Santi preganti on the beach

La “live artistic performance” itinerante dei “Santi preganti” ideata dall’artista d’origini abruzzesi Vincent Giannico ha vissuto domenica 16 u.s. la sua ennesima incarnazione ribattezzata “Santi preganti on the beach”, suggellando a suo modo la fine della stagione estiva. I tre ragazzi chiamati da Vincent a vestire i paramenti dei “Santi”, Emiliano quelli di San Giuseppe Jato, Michele quelli di San Gennaro Vesuviano, Danilo quelli di San Luca, hanno consumato un centinaio di chilometri di spiagge e battigie, visitando i lidi di tutti i comuni costieri abruzzesi. Partiti alle sei del mattino, il terzetto mistico ha fatto tappa a San Salvo, Vasto, Casalbordino, Torino di Sangro, Fossacesia, Rocca San Giovanni, San Vito Chetino, Ortona, Francavilla al mare, Pescara, Montesilvano, Città Sant’Angelo, Silvi, Pineto, Roseto, Giulianova, Tortoreto, Alba Adriatica, Martinsicuro, per poi fare rieto solo all’imbrunire, intorno alla venti, salutati dalle lacrime di alcune nuvole serali.

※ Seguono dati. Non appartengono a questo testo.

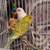 Parakeets 5 thumbnail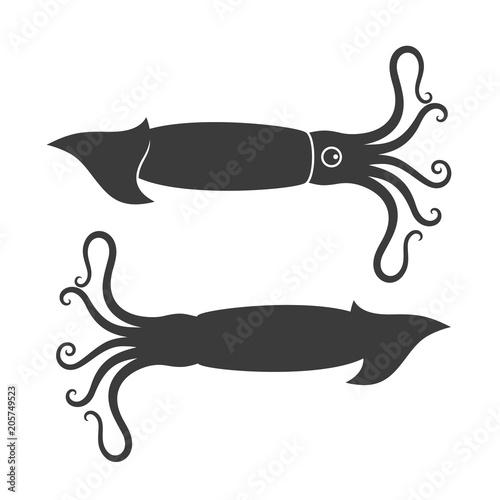Squid silhouette. Isolated squid on white background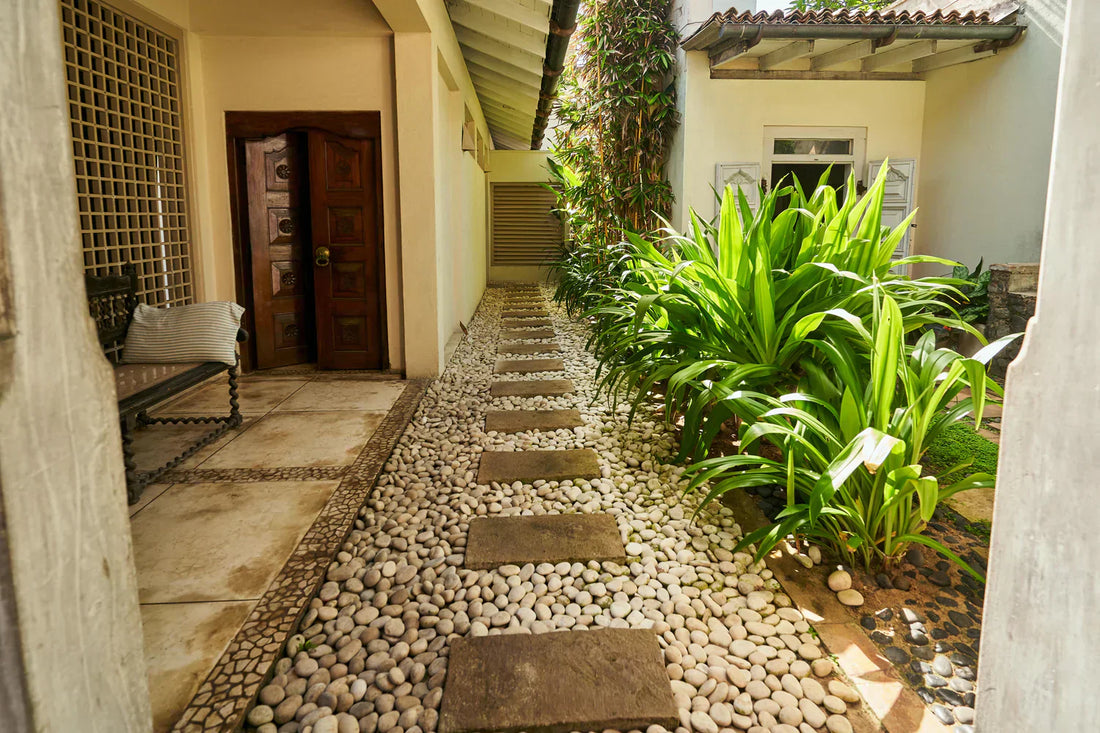 Decorative stones vs. grass: which is the best choice for your landscaping?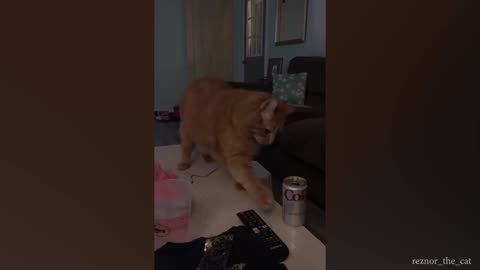 New Funny Animal Videos
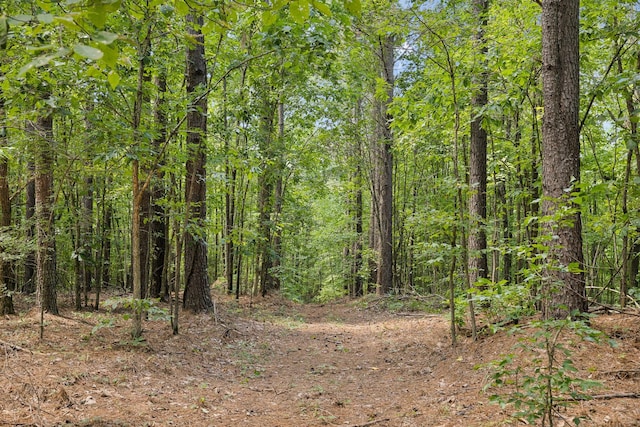 9971 Birdsong Rd, Holladay, TN 38341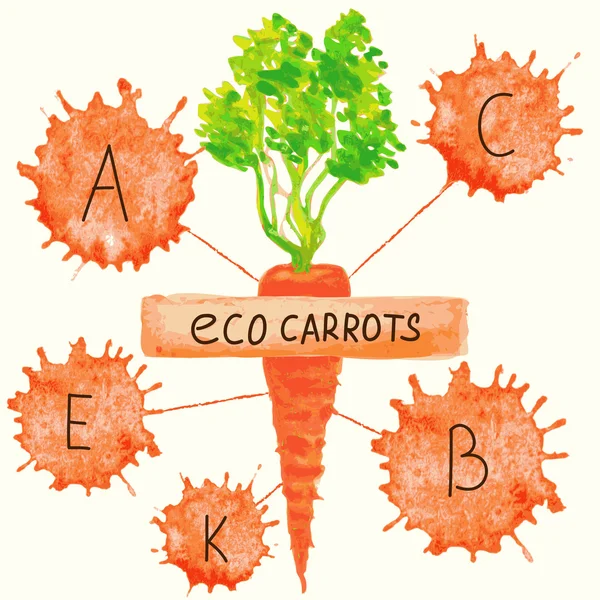 El contenido de vitaminas en las zanahorias . — Vector de stock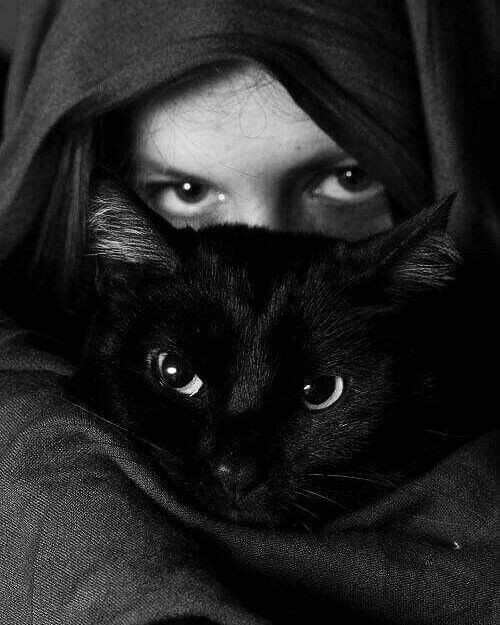 It’s time for Gallery Shots again ~ GLAMOUR GIRLS & KITTENS 💥💥💥💥💥💥💥💥💥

“Siamo: San Giuseppe Jato, San Luca, San Gennaro Vesuviano. Ma anche comuni delle province di Palermo , Reggio Calabria e Napolinei quali, purtroppo, sono presenti Mafia, ‘Ndrangheta e Camorra. Con la speranza che qualcosa cambi e vengano tempi migliori, noi…..PREGHIAMO!!!”

Questa la dichiarazione d’intenti stampigliata sul manifesto che da quasi due anni accompagna il percorso europeo intrapreso dai tre “Santi”, iter inaugurato il 26 gennaio 2006 sul marciapiede prospiciente l’ingresso della trentesima edizione dell’”Arte Fiera” di Bologna, e proseguita attraverso l’Europa toccando ben 73 città tra le quali Berlino, Milano, Roma, Barcellona, Basilea, Palma di Majorca, e La Valletta in Malta.

A tal punto immerso nella ieratica “micro-atmosfera” evocata dalla performance, circondati dai versi crepuscolari dei gabbiani che punteggiavano il cielo terso, Michele, uno dei figuranti, ha portato con sé un quaderno di sue poesie per rinsaldare il clima spirituale dell’evento. Le reazioni del pubblico sono state tra le più disparate: dalla cauta curiosità degli uomini al vivo interesse delle donne, alle giocose domande dei bambini che al primo impatto scambiavano l’evento per una sorta di presepe vivente.

La tappa n.7 dei “Santi preganti” è solo l’ultima delle numerose opere concepite da Vincent Giannico, artista che ama definire la propria ricerca estetica come il prodotto multiforme di una costante opera di osservazione e deformazione della materia del quotidiano mediante un’innata attitudine da “reporter dell’arte”. Tra le sue opere più recenti: l’opera polimaterica “Holy Guns” e la stampa digitale da diapositiva “Sexy doll 0001”. Oltre a cimentarsi nel campo delle “performance art” e del “concettuale” nel corso della sua oltre che ventennale attività creativa Vincent ha esplorato anche il linguaggio delle installazioni e della “videoart” con il provocatorio “O.B.L. in U.S.A.”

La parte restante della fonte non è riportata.